Wenn du die offizielle Runde noch etwas pimpen (trailiger) möchtest, dann nimm den Kolfuschger Höhenweg (teilw. flowig, Vorsicht auf die Wanderer!!!), den 4a vom Col Pradat nach Pescosta (enger, steiler Kehrentrail, bei dem Umsetzen hilft, aber nicht unbedingt zwingend ist) und den Schlenker nach Heiligkreuz mit dem 15er Trail bis nach St. Kassian (oben flowig, dann steiler Karrenweg, bei Rudiferia am Beginn Asphalt links an der Mühle vorbei und kurz aufwärts bleiben!). Dann mit der Piz Soregabahn hoch und wieder auf die Originalstrecke einmünden. Wenn du den Bindelweg fährst kannst du am Ende beim  Rif. Belvedere dann in den Bikepark einfahren (oben recht flowig mit schönen Anliegern) und beim Rifugio Gonzaga wieder auf die eigtl. Sella Ronda zurücksteuern. Solltest du schon sehr spät (auf jeden Fall NACH 17.00 Uhr, besser nach 18.00 Uhr!) am Col Rodella ankommen, dann kannst dir den Friedrich August Weg überlegen (schöner Trail, aber ABSOLUTER Wandererhighway. Deswegen auch offiziell gesperrt, aber in den Abendstunden wirst du da niemanden stören!). An der Plattkofelhütte dann weiter geradeaus auf der Verlängerung des Fr.-Aug-Wegs über die Schneid (sehr flowig!) bis zum Mahlknechtjoch und zum Dialer/Seiseralm-Haus. Hier dann rechts in den 7er bis zum Zallinger und über den 531er (Karrenweg) bis oberhalb des Mt. Pana. Kurz auf der Straße bergab bis in der Kehre am Prensa (oder Peza)hof der Trail über die Ciaslat abzweigt. Dem bis zum Weiler folgen und dann dort dem Wanderweg rechts oberhalb/parallel zur Straße bis Wolkenstein/Ciampinoi folgen. So hast noch jede MEnge Trails zum Abschluß drin, ist aber für eine Tagesrunde schon ein ganzes Eck, sprich viel mit Trödeln ist nicht!!!
Anbieter kenn ich nicht, da ich dort jeden Weg auswendig kenne und wenn, dann selbst (privat) guide. Denke aber im Hotel Linder bist du gut aufgehoben! Für die Sella Ronda ist allerdings kein Guide notwendig, da langt jede Tabacco-Karte....


----------



## Dorsdn (25. Juni 2014)

@dede - vielen Dank für deine Ausführungen.
Ich habe mich gestern auch mal bei der mtb-Schule in St Ulrich über die "Gravity-variante" aufklären lassen.
Du hast Recht, das braucht keiner, der die SellaRonda fahren will.

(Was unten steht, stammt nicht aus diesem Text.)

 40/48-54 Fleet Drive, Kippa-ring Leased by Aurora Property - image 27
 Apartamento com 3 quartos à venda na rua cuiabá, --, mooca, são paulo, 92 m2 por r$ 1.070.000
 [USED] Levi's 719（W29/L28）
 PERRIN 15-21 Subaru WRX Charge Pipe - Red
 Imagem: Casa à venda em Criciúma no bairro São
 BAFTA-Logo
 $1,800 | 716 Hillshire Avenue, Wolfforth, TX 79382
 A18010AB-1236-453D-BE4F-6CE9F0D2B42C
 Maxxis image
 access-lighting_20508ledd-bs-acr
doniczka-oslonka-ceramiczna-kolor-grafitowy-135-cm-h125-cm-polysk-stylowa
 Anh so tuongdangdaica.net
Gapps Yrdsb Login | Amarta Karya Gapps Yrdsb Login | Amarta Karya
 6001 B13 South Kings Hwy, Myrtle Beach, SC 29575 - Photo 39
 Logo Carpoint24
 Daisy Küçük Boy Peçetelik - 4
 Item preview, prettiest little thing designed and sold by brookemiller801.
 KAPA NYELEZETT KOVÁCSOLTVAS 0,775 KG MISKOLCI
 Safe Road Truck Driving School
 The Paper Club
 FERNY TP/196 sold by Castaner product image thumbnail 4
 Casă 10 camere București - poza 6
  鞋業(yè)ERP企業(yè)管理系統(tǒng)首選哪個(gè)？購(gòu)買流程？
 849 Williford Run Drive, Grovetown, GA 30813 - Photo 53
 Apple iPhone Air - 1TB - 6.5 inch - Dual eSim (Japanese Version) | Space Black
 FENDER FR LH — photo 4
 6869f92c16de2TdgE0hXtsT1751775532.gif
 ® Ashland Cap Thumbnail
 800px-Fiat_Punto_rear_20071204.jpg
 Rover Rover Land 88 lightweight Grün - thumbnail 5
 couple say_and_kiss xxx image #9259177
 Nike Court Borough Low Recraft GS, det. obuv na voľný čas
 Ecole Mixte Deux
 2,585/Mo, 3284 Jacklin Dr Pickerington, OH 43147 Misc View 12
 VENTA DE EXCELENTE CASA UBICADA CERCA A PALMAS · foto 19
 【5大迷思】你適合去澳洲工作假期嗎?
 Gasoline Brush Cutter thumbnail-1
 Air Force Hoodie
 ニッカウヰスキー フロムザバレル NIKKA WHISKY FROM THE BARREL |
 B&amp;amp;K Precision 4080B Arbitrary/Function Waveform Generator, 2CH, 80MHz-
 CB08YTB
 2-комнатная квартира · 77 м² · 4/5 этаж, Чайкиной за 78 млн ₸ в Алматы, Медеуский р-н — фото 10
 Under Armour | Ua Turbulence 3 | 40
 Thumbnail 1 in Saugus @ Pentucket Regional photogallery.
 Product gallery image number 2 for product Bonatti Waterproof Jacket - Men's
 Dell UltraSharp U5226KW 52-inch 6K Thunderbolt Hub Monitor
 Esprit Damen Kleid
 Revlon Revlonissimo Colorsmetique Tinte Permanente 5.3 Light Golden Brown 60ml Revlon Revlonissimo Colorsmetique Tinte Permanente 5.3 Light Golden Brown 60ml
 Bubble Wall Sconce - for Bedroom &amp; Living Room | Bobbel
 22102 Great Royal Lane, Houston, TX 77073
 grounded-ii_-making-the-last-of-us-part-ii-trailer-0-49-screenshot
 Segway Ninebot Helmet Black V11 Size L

So nun bräuchten wir nur noch gutes Wetter,
alle Lifte der SellaRonda (ClockWise) in Betrieb (alle laufen erst ab 28.06, zwei laufen noch nicht => plus ca 400Hm mehr und weniger Hm bergab)
und vernünftige "Apps" für eine verlässliche Wettervorhersage dann könnten wir auch was planen.

Aber jetzt doch noch kurz zwei Fragen zu den Liften.
1 - Gibt es für die SellaRonda speziell eine Liftkarte die nur einen Tag gilt? Der junge Mann in der mtb-Schule hat was von 39Euro für die Lifte erzählt.
2 - Gibt es sonst noch für die Lifte ein "Tagesticket" für die Region = SellaRonda bzw. inkl. Grödental? Gibt's da eine gute Homepage zu?
3 - Oder kann ich für ein paar Euro mehr eine andere Liftkarte kaufen mit der ich die SellaRonad und auch den "nächsten Tourentag" erschlage?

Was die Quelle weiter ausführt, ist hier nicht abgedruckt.